- Born: 1962 (age 63–64) Yonkers, New York, U.S.
- Career
- Show: The Jody McDonald Show (1990–1993); Mac & Mac (1994–1999); The Midday Show (2000–2004);
- Station: WIP-AM
- Time slot: 1 P.M. - 4 P.M., Monday–Friday 10 A.M. - 3 P.M., Monday–Friday
- Station: WFAN
- Time slot: 10 A.M. - 1 P.M., Monday–Friday
- Style: Sports radio
- Country: United States

= Jody McDonald =

American sports radio personality (born 1962)

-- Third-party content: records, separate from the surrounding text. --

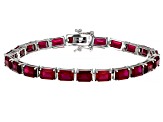 Red Lab Created Ruby Rhodium Over Sterling Silver Bracelet 25.91ctw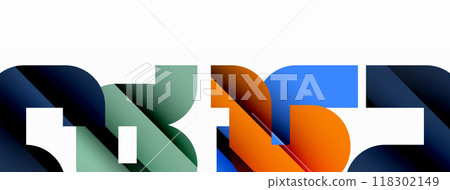 Colorful curve geometric shapes on white 118302149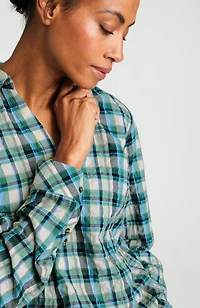 plaid textured elliptical popover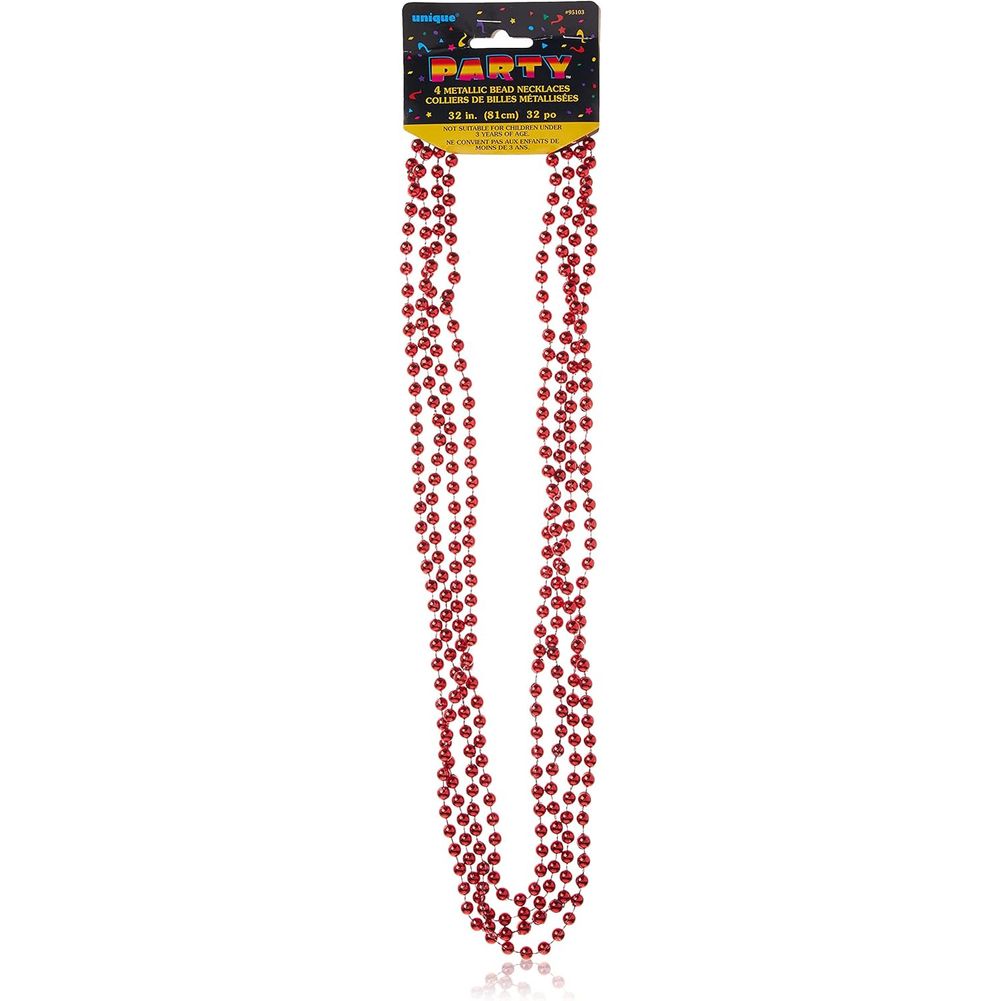 Red Metallic Bead Necklaces, 32" (4ct)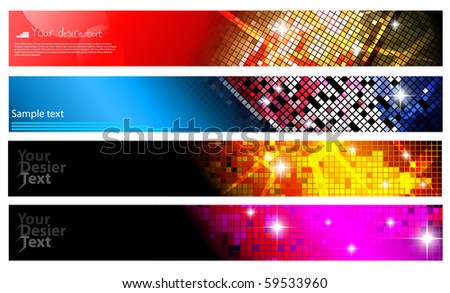 Set Of Horizontal Banners | Party Collection. Vector Illustration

Jody McDonald (born 1962), nicknamed Jody Mac, is an American sports talk show host on 610 WTEL/94.1 WIP-FM weekdays 11pm to 2am and weekend host on WFAN 660 AM NY. He is the son of former
Major League Baseball executive Joe McDonald.

==Career==

A Yonkers native, McDonald began his career with WFAN in 1987, when it launched. He would join WIP, a Philadelphia sports radio station in 1990, where he hosted a show called Mac and Mac with Glen Macnow. He returned to WFAN in 1999, hosting the midday show from May 2000 through November 2004, initially with Suzyn Waldman and later with Sid Rosenberg. McDonald was also the host of the Philadelphia Eagles pre-game show on the Eagles radio network (WYSP) from 2001-2004.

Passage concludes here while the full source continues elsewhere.